EXERCISE BRIEF:
Copy the listing below in full and skip every picture.
(RECORDS TO USE Opens)
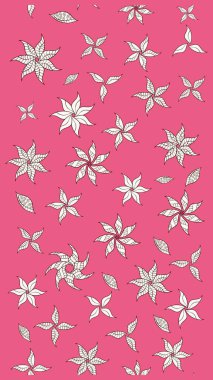 Raster illüstrasyonu. 3D çiçekler, eskiz. Pembe ve nötr renklerde.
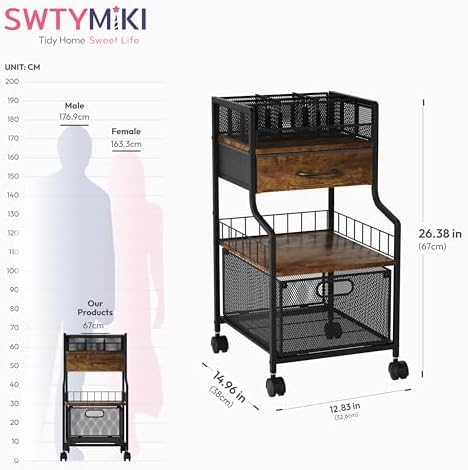 Under Desk Storage Cart- Art Storage Cart with Drawers & DIY Divider - Office Cart Organizer Under Desk Shelf, Craft Rolling Cart for Office, Craft Room & Studio Espresso - Image 3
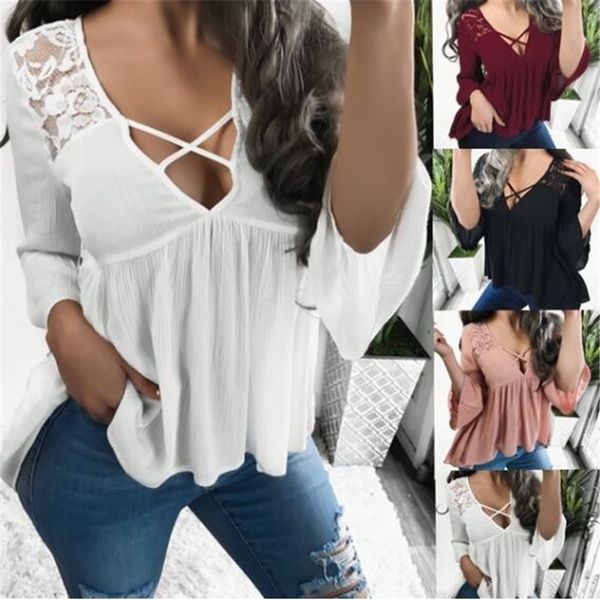 women's long sleeve solid color v-neck cross lace women's t-shirt, White
women's long sleeve solid color v-neck cross lace women's t-shirt, White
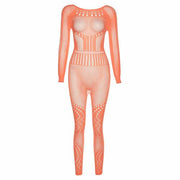 Sexy Hollow-Out Mesh Bodysuit with Butt-Lifting Design - Sunny Side Store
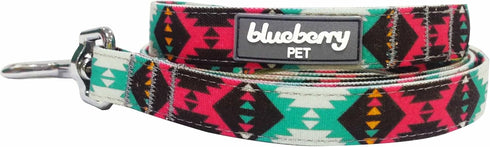 Blueberry Pet 5 ft x 5/8" Dog Leash with Soft Comfortable Handle, Southwestern Vintage Tribal Print, Extravagant Green,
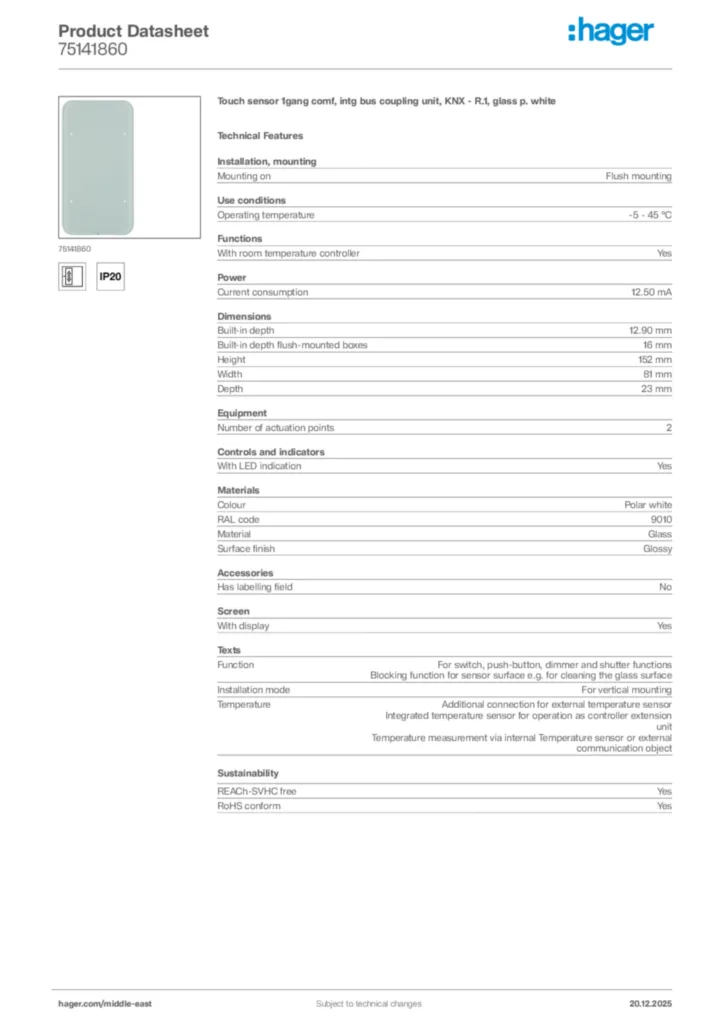 Image Hager Product data sheet 75141860  | Hager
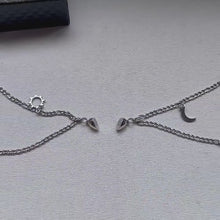 Sun And Moon Magnetic Heart Matching Charm Bracelets In Titanium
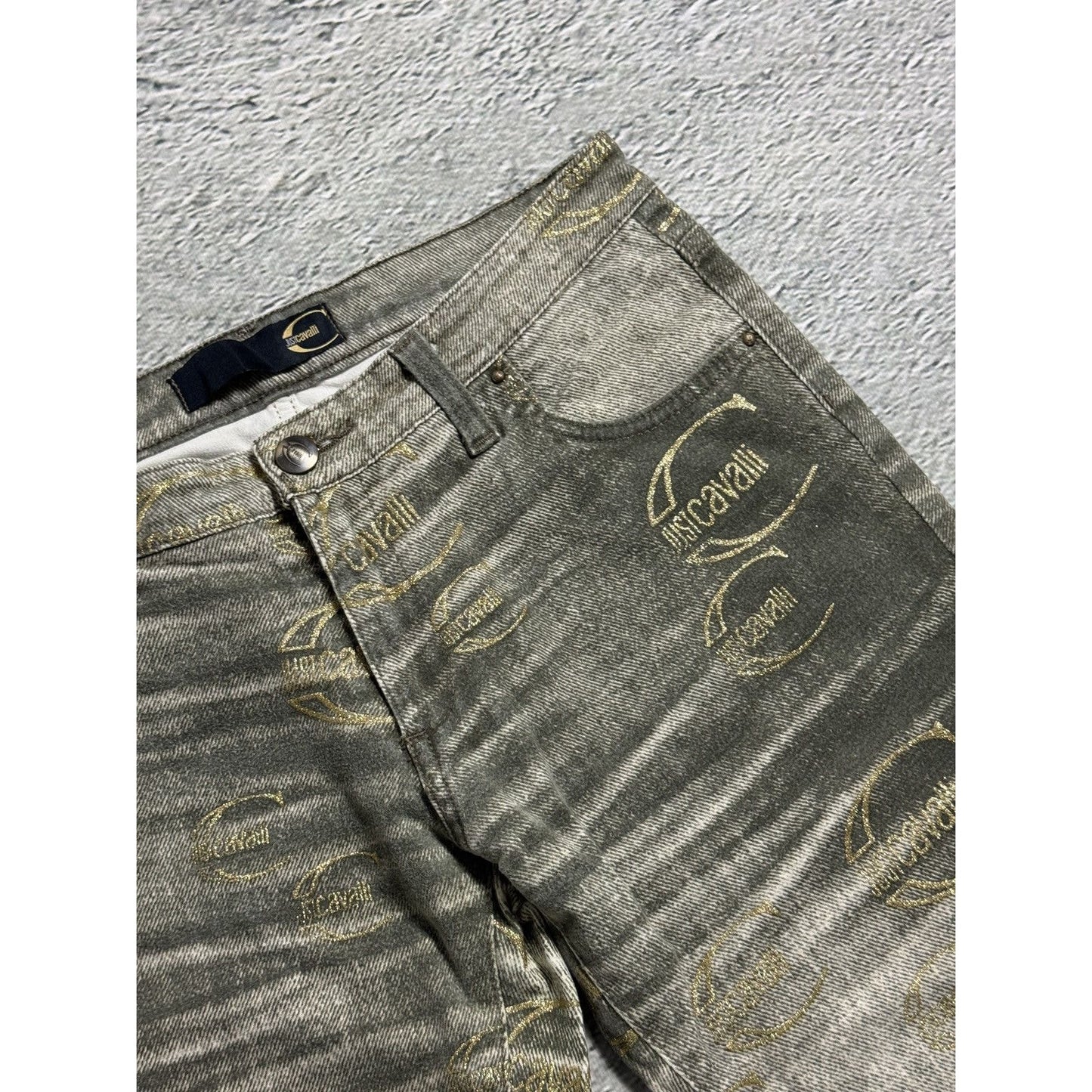 Just Cavalli flared jeans monogram fullprint Y2K washed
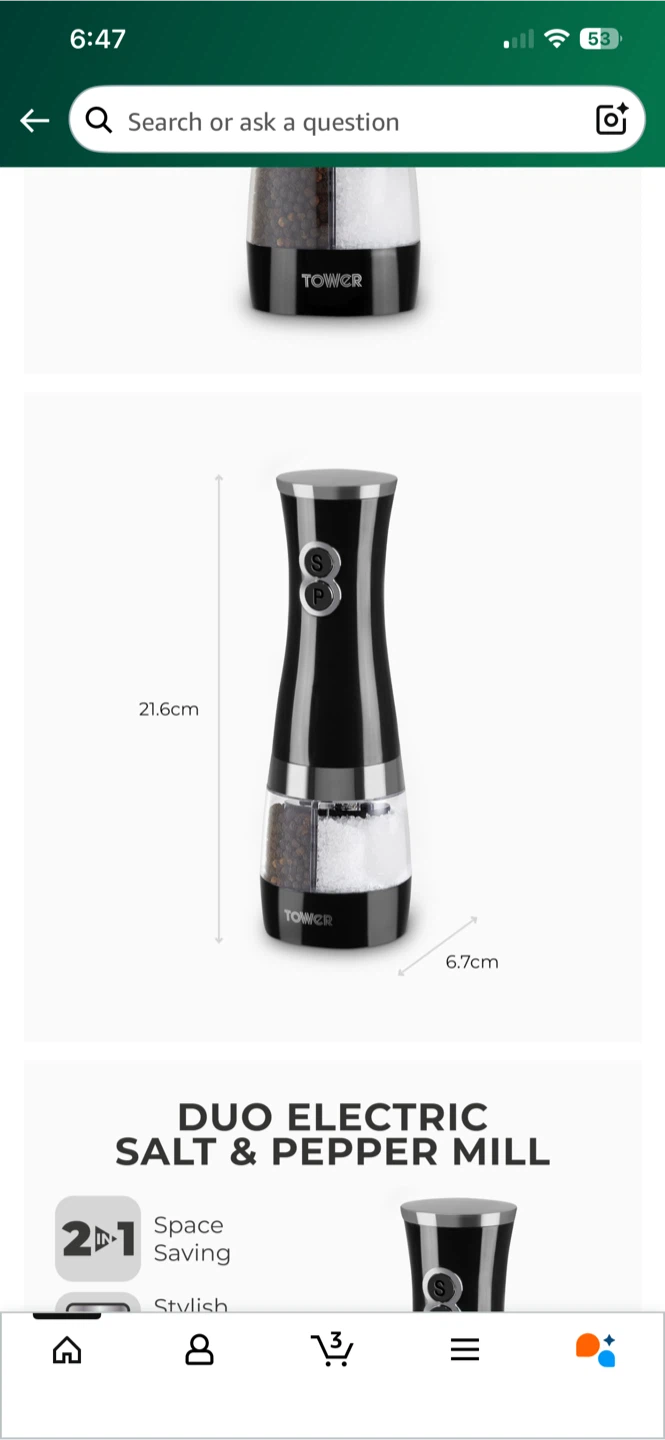 Tower Duo Electric Salt & Pepper Mill, Black - photo 4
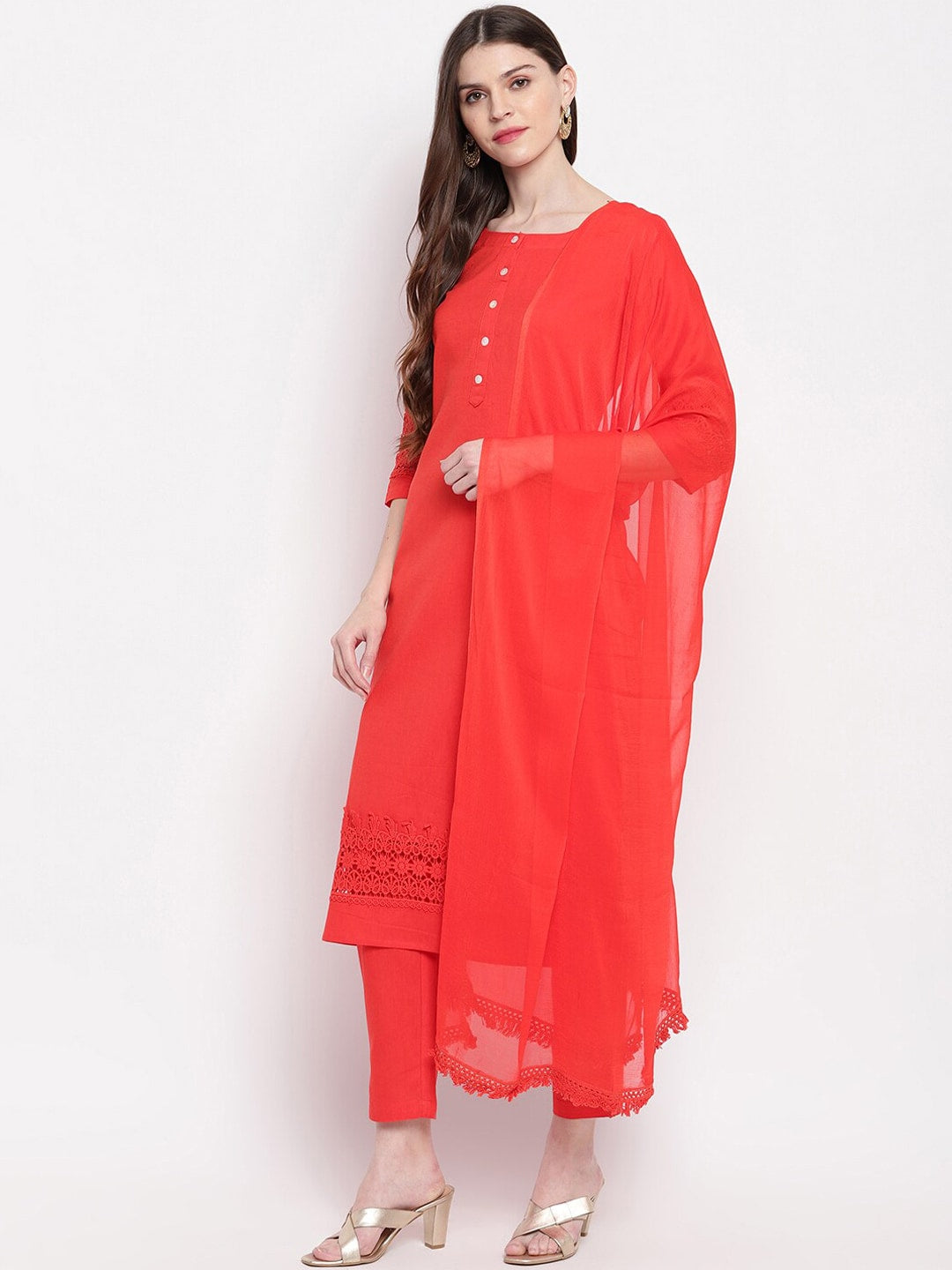 Janasya Women Red Solid Kurta with Trousers & Dupatta | Grocsy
(RECORDS TO USE Closes)
OUTPUT FOR THIS TASK:
 Raster illüstrasyonu. 3D çiçekler, eskiz. Pembe ve nötr renklerde.
 Under Desk Storage Cart- Art Storage Cart with Drawers & DIY Divider - Office Cart Organizer Under Desk Shelf, Craft Rolling Cart for Office, Craft Room & Studio Espresso - Image 3
 women's long sleeve solid color v-neck cross lace women's t-shirt, White
women's long sleeve solid color v-neck cross lace women's t-shirt, White
 Sexy Hollow-Out Mesh Bodysuit with Butt-Lifting Design - Sunny Side Store
 Blueberry Pet 5 ft x 5/8" Dog Leash with Soft Comfortable Handle, Southwestern Vintage Tribal Print, Extravagant Green,
 Image Hager Product data sheet 75141860  | Hager
 Sun And Moon Magnetic Heart Matching Charm Bracelets In Titanium
 Just Cavalli flared jeans monogram fullprint Y2K washed
 Tower Duo Electric Salt & Pepper Mill, Black - photo 4
 Janasya Women Red Solid Kurta with Trousers & Dupatta | Grocsy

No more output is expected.